I mean, I'm technically letting who knows how many objectional links go unprotested that might well involve my energy suppliers/local-to-national governments/regularly visited shopping chains, etc. I could possibly be blissfully unaware that SupermarketCo's buying practices are reinforcing tribal tensions over on a completely different continent. And even if I'm then informed of this, might consider it not worth my while to unilaterally change my choccy-biscuit consumption, let alone daub a bedsheet with messages and wave it around in front of the local store.
I might well avoid doing the latter. Especially if someone else was already doing it. And perhaps this then had me I silently doing the former (or switched to DiscountLtd's own-brands instead, imagining that this was a more guilt-free alternative, with or without proof), and I'd end up doing practically nothing to help the situation by doing so. Because I'm less inclined to activism, or more inclined to apathy.

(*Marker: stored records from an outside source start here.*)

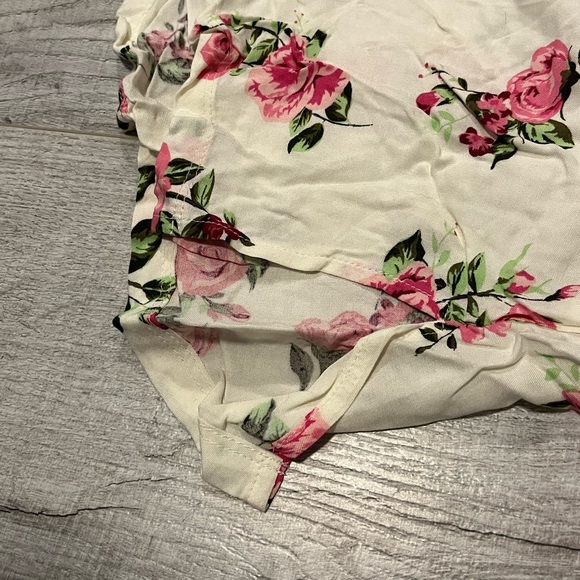 NWT Floral Racerback Tank - Picture 7 of 11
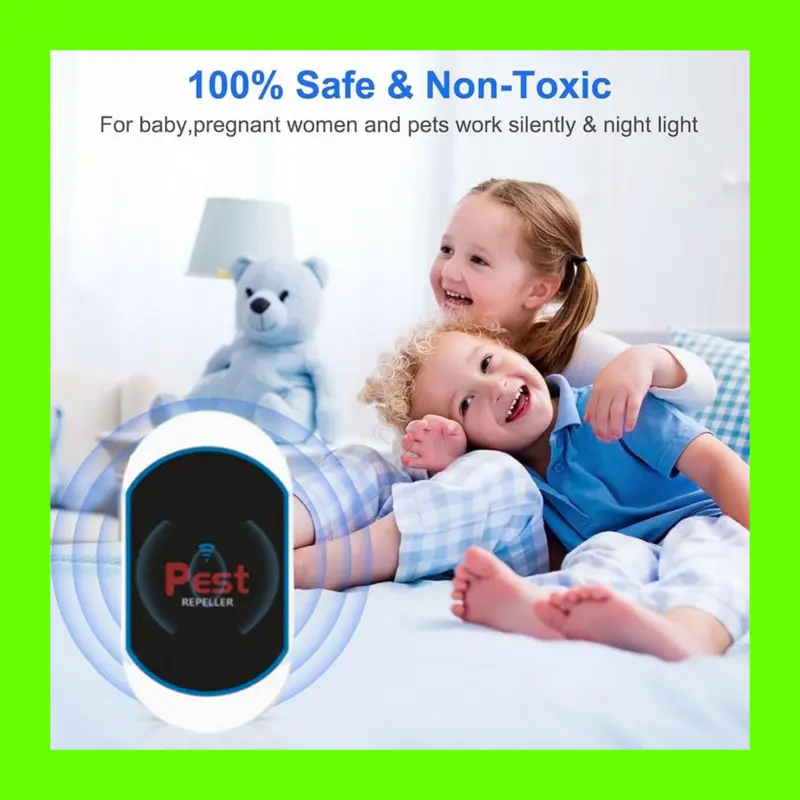 Ultrasonic Pest Repeller - Image 3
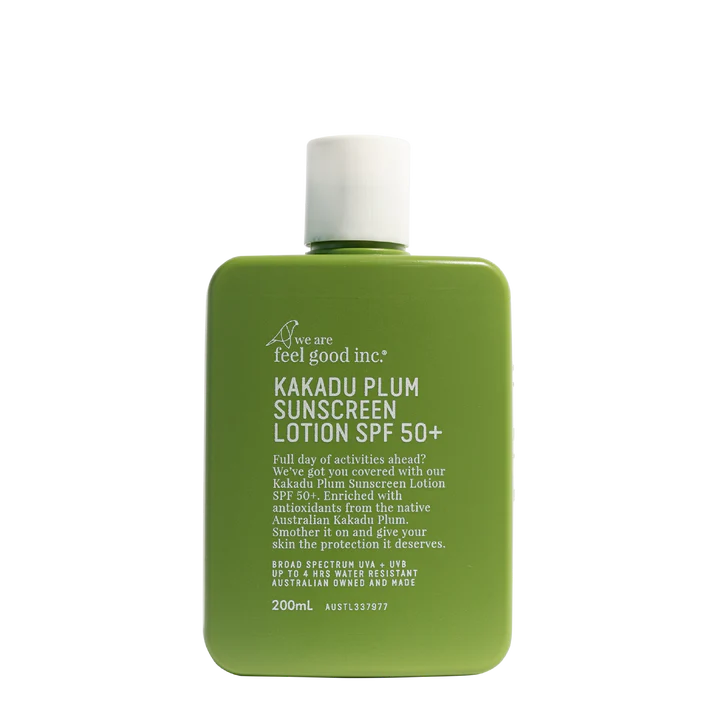 WAFG Sunscreen Lotion 200ml SPF50+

But it'd be good (if the cause were good... and perhaps that's subjective) for there to actually be actual protesters. Outweighing my own direct 'contribution' of merely no longer buying one packet of chocco-bisqui-cruncho-wafers a week. Which would hardly contribute even a downward-blip on the respective financials (and wouldn't even identify the reason for it, by the time the munged information hits any decision-makers). Someone who can (and will) get noticed properly is better.
The only properly thought through problems I have with these
particular protests is that while calls for divesting are amongst the more powerful legitimate messages they can make, any divest will typically just ensure an equivalent (slightly discounted) revest by any body that is in a position to do so but without pesky students ever really in their face enough. Caveats to "do what's right, but without causing different forms of harm instead" are far more difficult than merely dropping a hot-potato. (The dropping of all the Sackler Family philanthropic links from all kinds of institutions probably was never net-positive in alll the consequences, just a performative 'good' that led to scrabbling around for different sponsorship/funding/honourations to link up with, etc.)
And that it's only a few precarious steps from "protect innocent Palestinians" to "support the annihilation of the Jewish state", which probably the right-minded bulk of the protesters would not willingly take
on their own, but certain elements can move the mob's group-overton window into that easier than they ought to. Notwithstanding that denying the right to protest is a bad thing that one would hope never happens in "the land of the free", one should ideally be intolerant of intolerance (and no more).
Of course, heavy-handed 'authorities' can pivot the "just here to indicate my support for peace" people into "you're denying us our voice" reactionaries, as well, and doesn't do much to prevent the creep from protest (or counter-protest, where applicable) into riot (and counter-riot), which then makes it an issue that
does directly effect those who turned up, despite not being directly involved.
(TL;DR;, voices need to be heard, or we never hear the vital message. When the voices are suppressed or go beyond being merely legitimate opinion-stating, or both trying to be done at the same time, then it gets problematic. Square that circle however you can.)